#### [THE DATA]
····················
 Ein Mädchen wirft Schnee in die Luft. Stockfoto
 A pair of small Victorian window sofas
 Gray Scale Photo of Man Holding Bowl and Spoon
····················
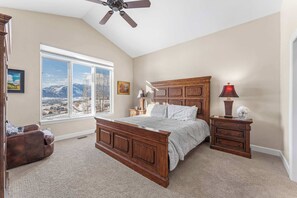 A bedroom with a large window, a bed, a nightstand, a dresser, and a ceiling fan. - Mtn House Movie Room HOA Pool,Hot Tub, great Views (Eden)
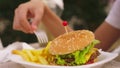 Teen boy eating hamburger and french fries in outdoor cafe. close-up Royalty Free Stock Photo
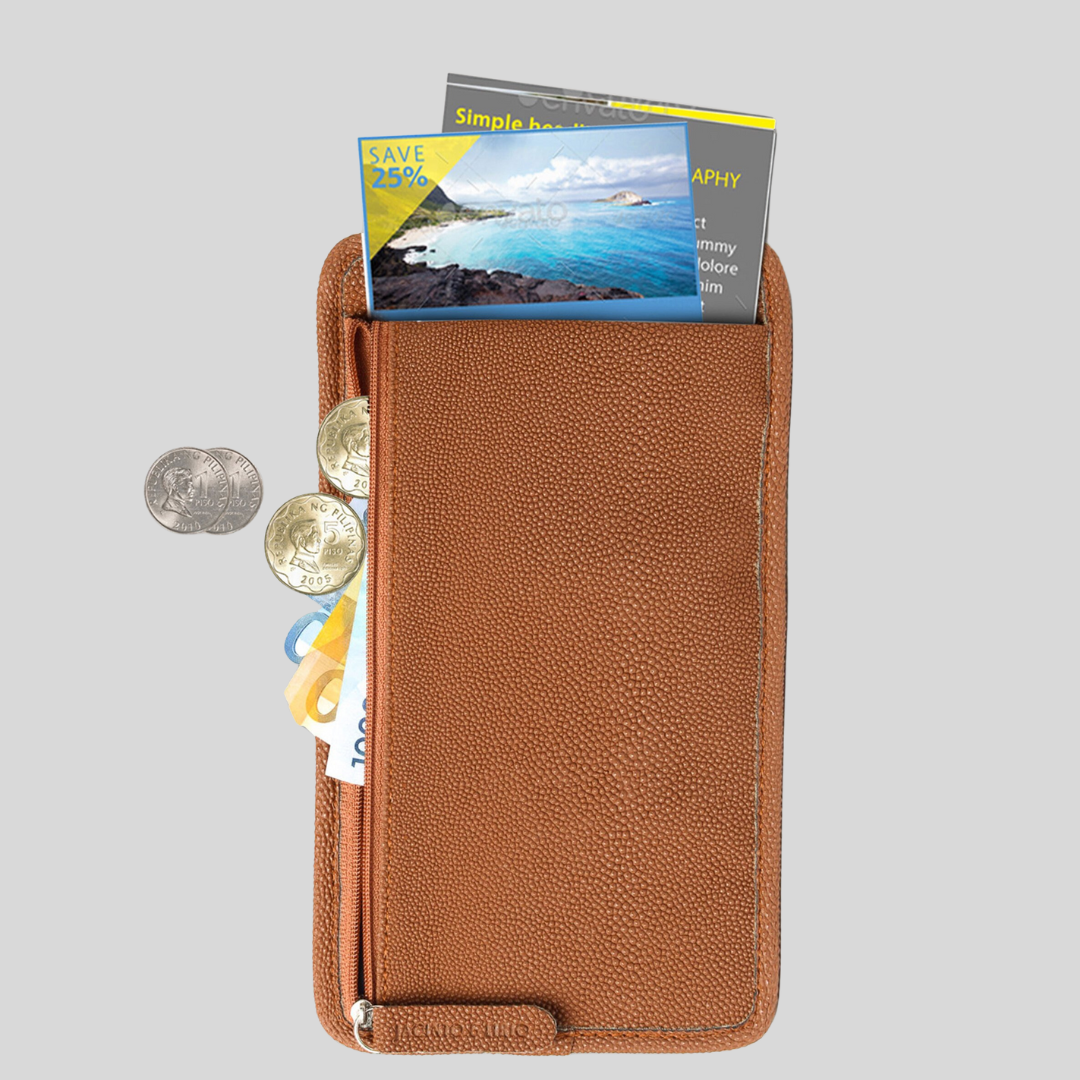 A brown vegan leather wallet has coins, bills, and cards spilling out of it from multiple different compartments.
····················
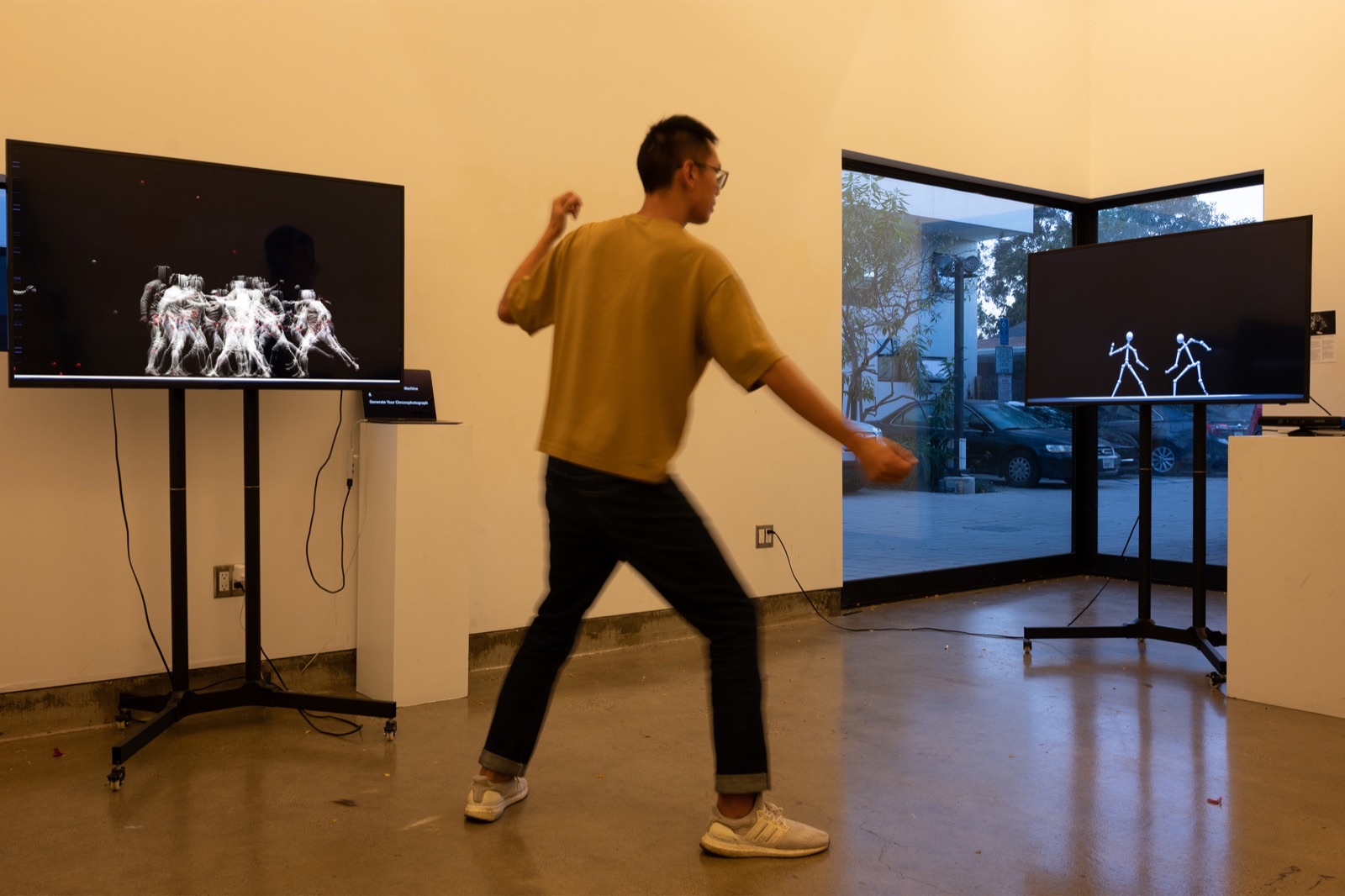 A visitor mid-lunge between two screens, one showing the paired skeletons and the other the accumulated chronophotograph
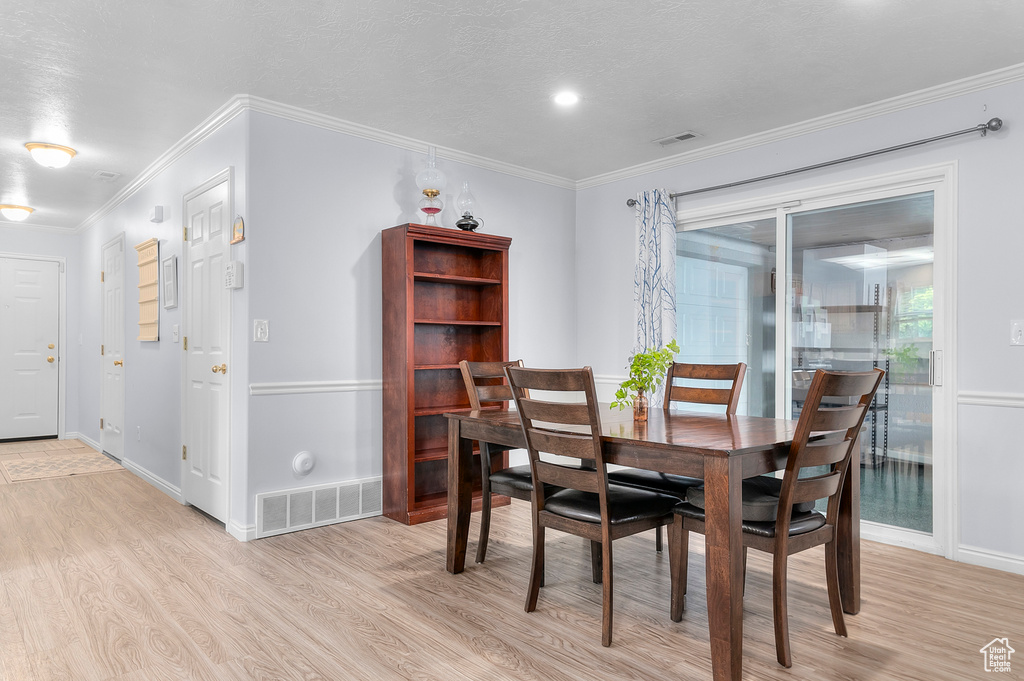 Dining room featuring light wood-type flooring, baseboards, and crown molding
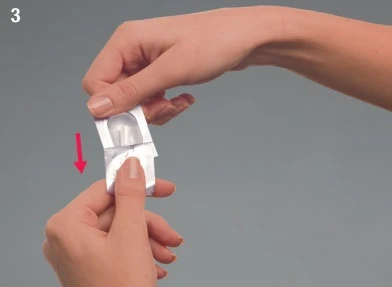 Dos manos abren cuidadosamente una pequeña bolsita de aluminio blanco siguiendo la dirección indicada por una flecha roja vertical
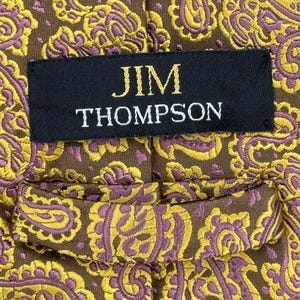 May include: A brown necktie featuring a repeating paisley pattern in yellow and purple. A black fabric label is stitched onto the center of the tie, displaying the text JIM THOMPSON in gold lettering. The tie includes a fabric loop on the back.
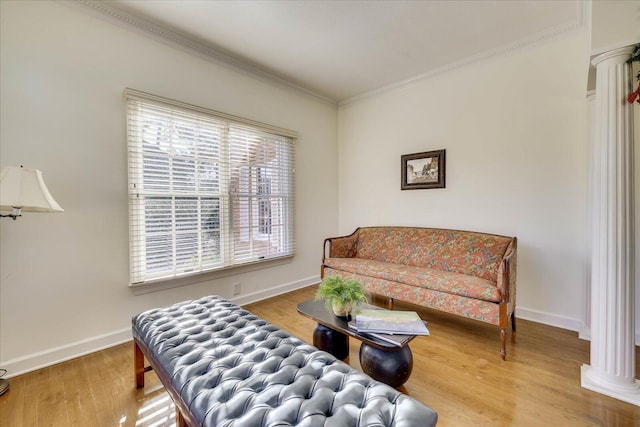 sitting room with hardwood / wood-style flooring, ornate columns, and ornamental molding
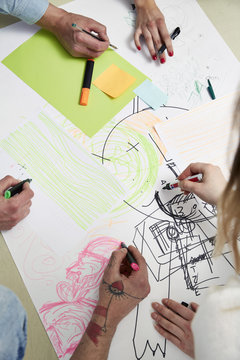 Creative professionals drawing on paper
····················
#### [TRY IT]
Go through the listing above and write out exactly the lines starting with the one holding "Ein Mädchen wirft" and running through the one holding "Gray Scale Photo", ends included, and no others.

#### [PROBLEM SOLUTION]
 Ein Mädchen wirft Schnee in die Luft. Stockfoto
 A pair of small Victorian window sofas
 Gray Scale Photo of Man Holding Bowl and Spoon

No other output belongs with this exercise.